Why I Rarely Talk About Our Debt-Free Journey

Don’t get me wrong, I am so thankful for family members who paid their bills and left no debt unpaid. For family members who left behind life insurance policies to cover their funeral expenses and more. For family members who paid off their homes in full before they passed away so proceeds from the sale of their homes could be enjoyed by those left on earth.

But it still hurts. I will never forget the day the inheritance check came from my mother’s estate; I was crying so hard as I took it to the bank that the bank teller had to wait for me to stop sobbing to explain what I wanted to do with the check. She even had to go searching for tissues so I could dry my eyes enough to see the forms I was signing.

At that moment all I could think was, “God, would you take this check and just let me spend one more day with my mom?” I know I will see her in heaven one day, but on that day in the bank all I wanted to do was exchange that check for another day with her here on earth with me.

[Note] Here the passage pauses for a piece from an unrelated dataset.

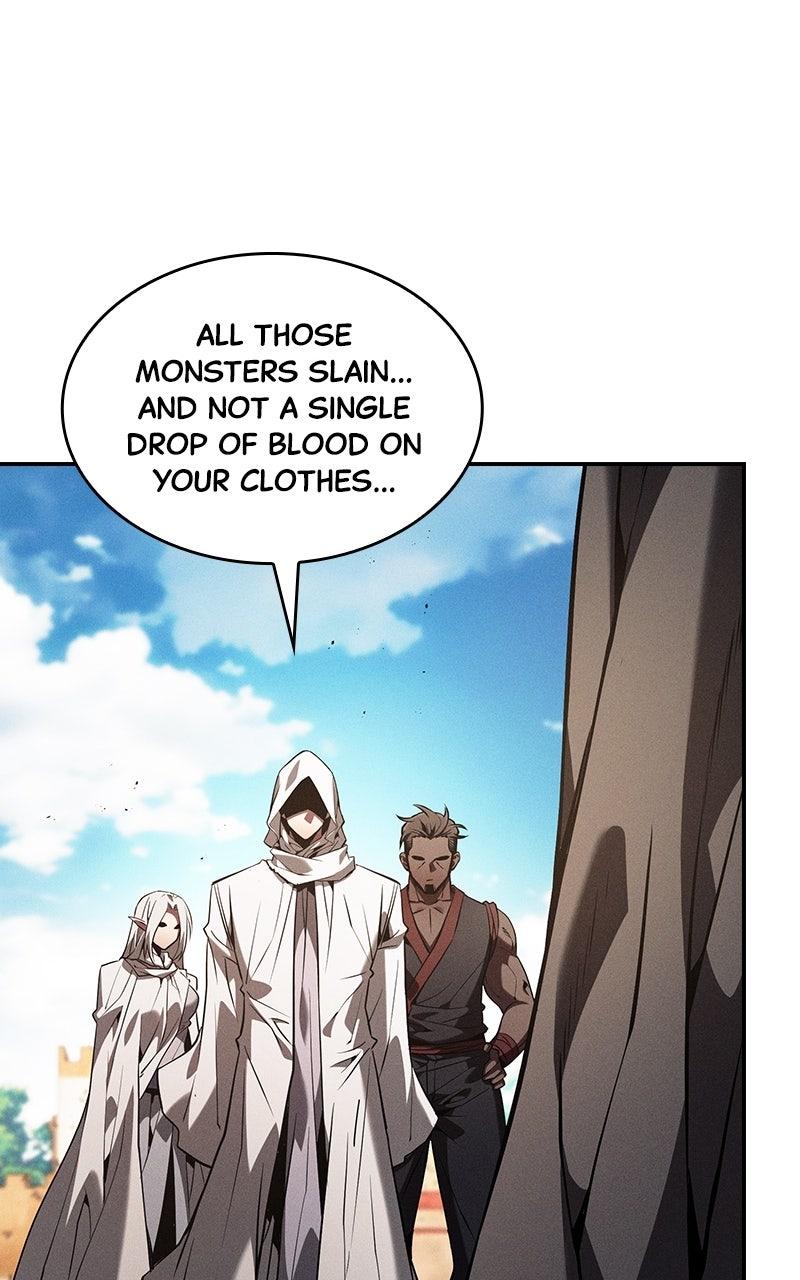 The Academy’s Genius Swordsman Chapter 124 — page 15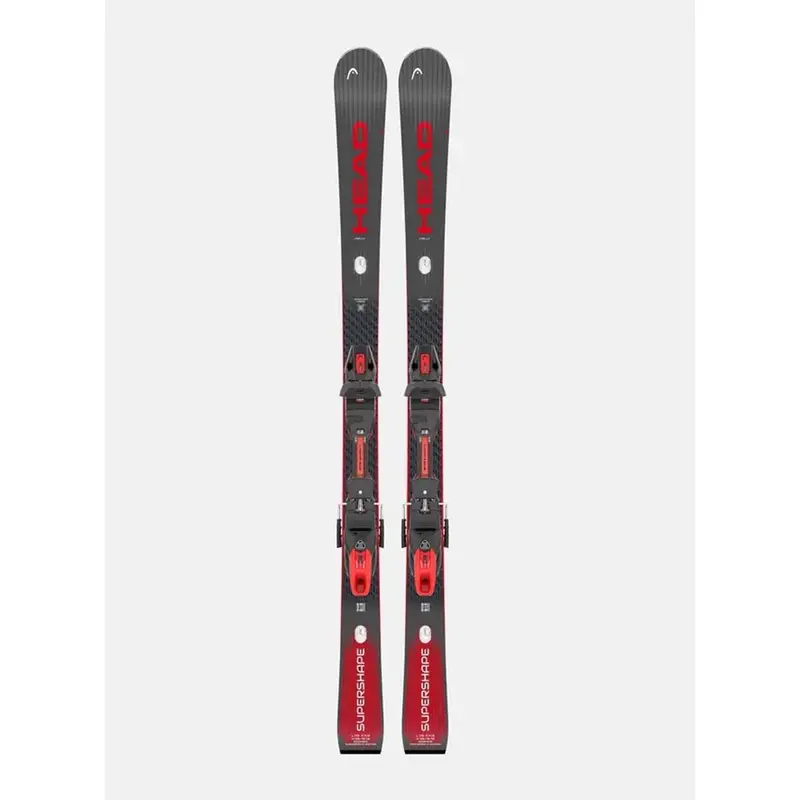 Head Supershape e-Rally SW + Prto Evo PR 13 631 2026/27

But I couldn’t. What I could do, however, was make sure I used the financial gift she left me wisely. To make it count. I knew what I wanted to do. My husband had been working 60 to 70+ hours a week for years to pay our bills. I wanted to give our family the gift of a dad and husband who was home more. I knew to do that I needed to reduce our monthly bills and the only way to do that was to reduce our debts.Read an update on where we are now financially.

Our Lives Before We Became Debt Free

First, let me tell you our debt wasn’t high to begin with. We had around $5,000 in car loans, $10,000 in student loans and $60,000 in a mortgage. Roughly $75,000 in debt including the mortgage or $15,000 without. Not large debt numbers, since we have always been thrifty people who have lived on a budget, refusing to carry a credit card balance from month to month. Our month to month payments were right around 25% of our take-home pay before overtime and the second job. These numbers sound conservative–comfortable even–but we had a few challenges.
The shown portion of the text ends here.